The Australian tycoon's purchase of Vincent van Gogh's ''Irises'' for US$53.9 million (C$62.9 million) in November 1987 - still a record for any painting - raised high brows to begin with. But this was nothing like the reaction accompanying the news that Sotheby's, the international auction house handling the sale, had loaned him half the money.
SCANDALIZED ART WORLD
The combination of skyrocketing prices and auction house manoeuvring has scandalized the art world, much as junk bonds, program trading, and the ''recent market disturbances'' have all been popularly lumped together as so much ''casino capitalism'' on Wall Street. Time magazine art critic Robert Hughes might call it ''the shock of the new.''
He might call it that, were he not one of the leading members of the Salon of financial orthodoxy blaming Sotheby's and its rival, Christie's, for the price explosion, which he argues is shutting public museums out of contention for works coming onto market.
The aggressive new financial methods have allegedly puffed up the market with extra liquidity, and given the auction houses a direct interest in overstating the condition and importance of certain pieces.
The first thing to note is these are in fact not new at all, except perhaps to the art world. The notorious advance to Bond is nothing more than a bridge loan, familiar to financial markets. Likewise, Sotheby's agreement to guarantee the John T. Dorrance estate US$110 million on sale of its collection is simply a variant of the ''bought deal.''
The second point is that this is largely a self-correcting problem. Christie's has invited special scorn for making overly optimistic estimates of what it thought it could elicit for 14 of the collector Paul Mellon's paintings and sculptures. It got the nod over Sotheby's more conservative appraisal - but sold only half the lot. Sotheby's, by contrast, set a new single auction sales record the next night. Other sellers will have noted this, and will take the path of caution in future.
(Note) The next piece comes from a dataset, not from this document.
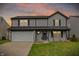 Attractive two-story house with a well-kept lawn, a two-car garage, and a welcoming entrance at 12198 Blue Springs Ln, Fishers, IN 46037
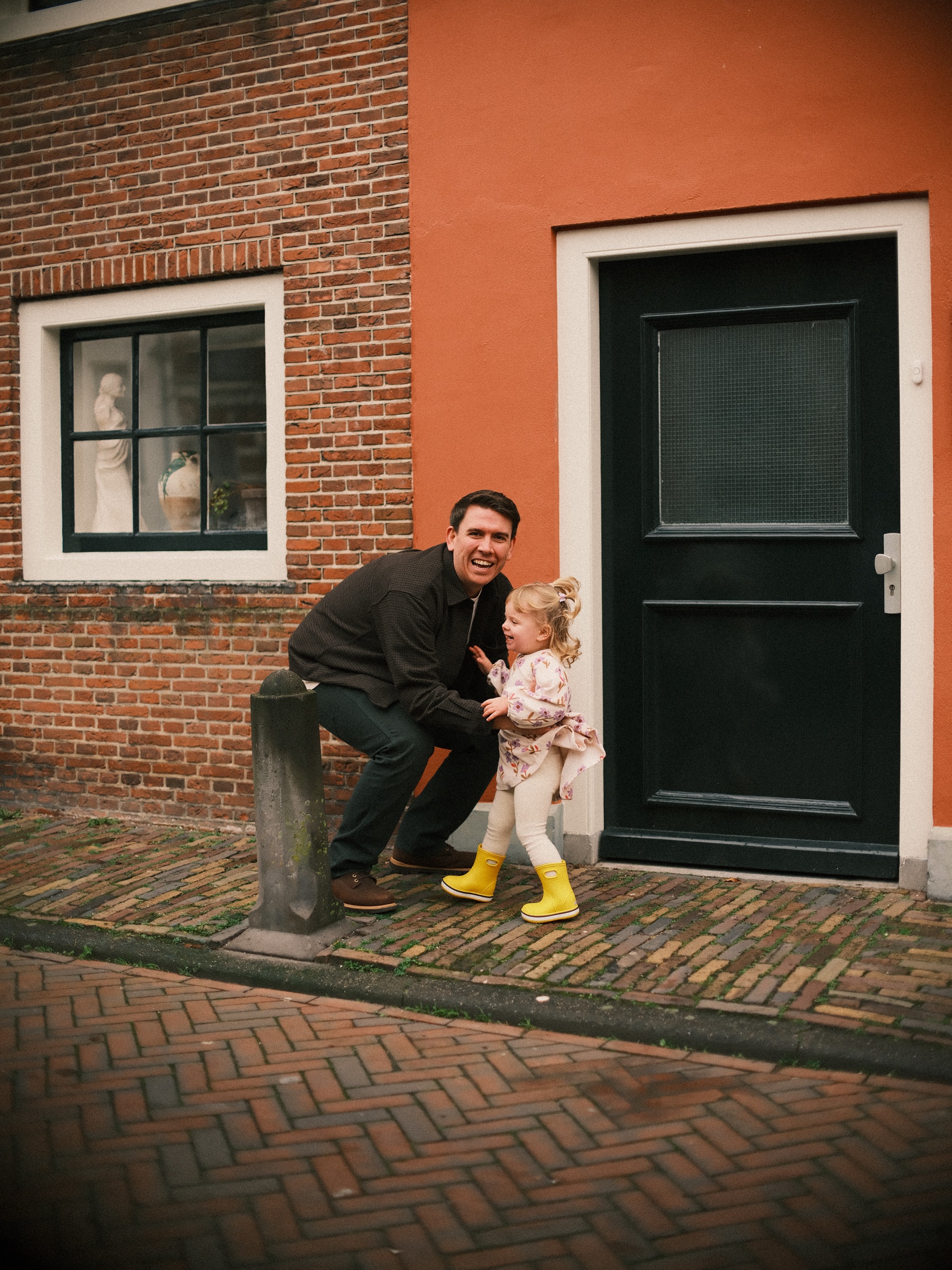 Vader zit op zijn hurken naast zijn dochtertje op gele laarzen voor een oranjerood huis met een zwarte deur en een raam met witte kozijnen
The third point is that it's not clear there's even a problem. Most of the critics of the auction houses are art dealers - their direct competitors and, until a few years ago, their main customers.
One detects more than a hint of snobbish disdain for those arrivistes, especially from Japan, who have dared to soil the temple of art with their vulgar wads of cash. Maybe they have pushed the bidding beyond the museums' reach. But museums can't bid at all on something that's not for sale. And if Sotheby's and Christie's were somehow prevented from offering greater assurance to sellers, either by providing loans to buyers or guaranteeing prices, the market would dry up. Perhaps that would encourage more collectors simply to donate the pieces to museums. Perhaps not.
Museums, don't forget, can sell into this market, too. If their hearts are set on a masterpiece, why shouldn't they sell off some lesser works to finance it? For that matter, one of the effects of the bought deal, was to let some paintings go for less than they might otherwise. Since Sotheby's had guaranteed a price for the whole lot, rather than for each individual painting, it had an incentive to take whatever it could get for them, instead of insisting on a minimum ''reserve price.''
If Hughes and other critics want a villain in this piece, they would be better advised to look at U.S. monetary policy, the real source of the liquidity, fueling the rapid rise in asset prices of recent years. Art critics for a sound dollar?